Chi sale, chi scende: magie inutili per Catanzaro. Impresa del Tamai

Giovanni Catanzaro del Torviscosa

In Serie D sale il Tamai che interrompe la striscia positiva del Giorgione e torna da Castelfranco Veneto. La voglia delle Furie Rosse in questo inizio di campionato non è mai stata in discussione, nonostante la classifica deficitaria. Tuttavia troppo spesso la formazione di Birtig è andata a complicarsi la vita da sola: le troppe espulsioni fin qui rimediate sono la conseguenza di una tranquillità difficile da trovare, soprattutto se si mettono a paragone i campionati precedenti. Contro il Giorgione sarebbe stato facile buttare una partita vista la forza degli avversari, il fatto di giocare in trasferta e l’ennesima inferiorità numerica; invece i ragazzi di Birtig non solo hanno tenuto il risultato, ma lo hanno anche ribaltato. Qualcuno parlerà di fortuna per il gol finale, ma d’altra parte senza quella non si va da nessuna parte.

A scendere è il Pordenone che, dopo l’impresa di andare a vincere sul campo della Vecompo Verona, non riesce a ripetersi contro il Real Vicenza e, anzi, esce dal Bottecchia a mani vuote. Il meglio la formazione di Soncin l’ha dato quando ormai non aveva più nulla da perdere, trovandosi in doppia inferiorità numerica. A prescindere dall’arbitraggio discutibile e dalla rete beffa di Belleri, i naoniani hanno regalato quasi tutto il primo tempo agli ospiti, e contro certe squadre è un lusso che non ci si può permettere.

In Eccellenza sale Giovanni Catanzaro, autore di una sontuosa tripletta in quel di Cervignano.

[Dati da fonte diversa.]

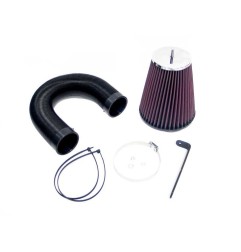KIT DE NIVEL BÁSICO 57I  OPEL Frontera B 1998-2004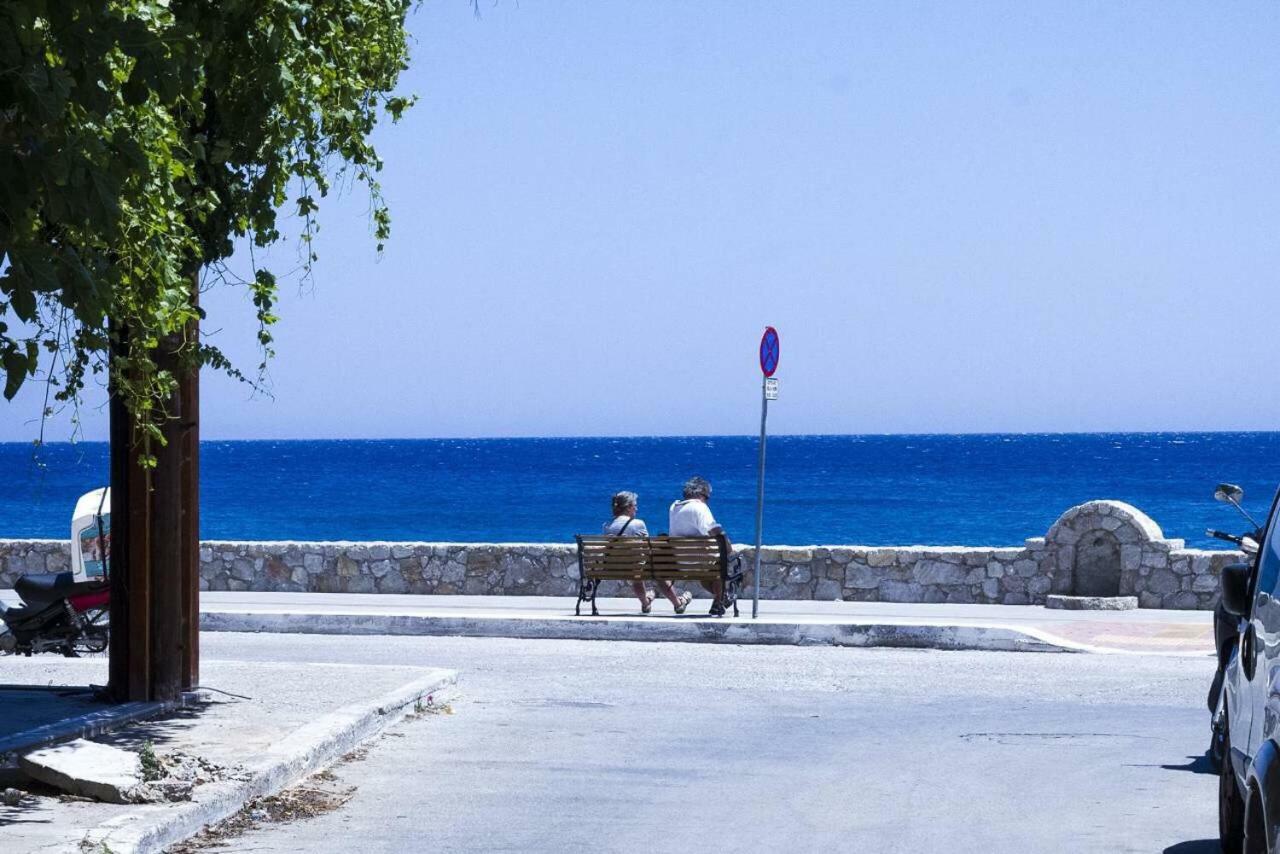 فيلا My Sweet Corner House باليوخورا المظهر الخارجي الصورة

Il primo tempo della formazione della Bassa nel derby con la Pro sembrava dover scacciare almeno momentaneamente le nubi attorno al futuro della panchina di Carpin. Sono bastati però altri 45 minuti per ribaltare tutto e rimettere in discussione il tecnico. Già, perché una squadra che vince 3-0 al termine della prima frazione di gioco non può permettersi di terminare il match sul 3-3 contro l’ultima in graduatoria. Le amnesie difensive ormai sono all’ordine del giorno e andando avanti di questo passo il fondo classifica si fa sempre più vicino. A scendere, dunque, non può che essere il secondo tempo del Torviscosa.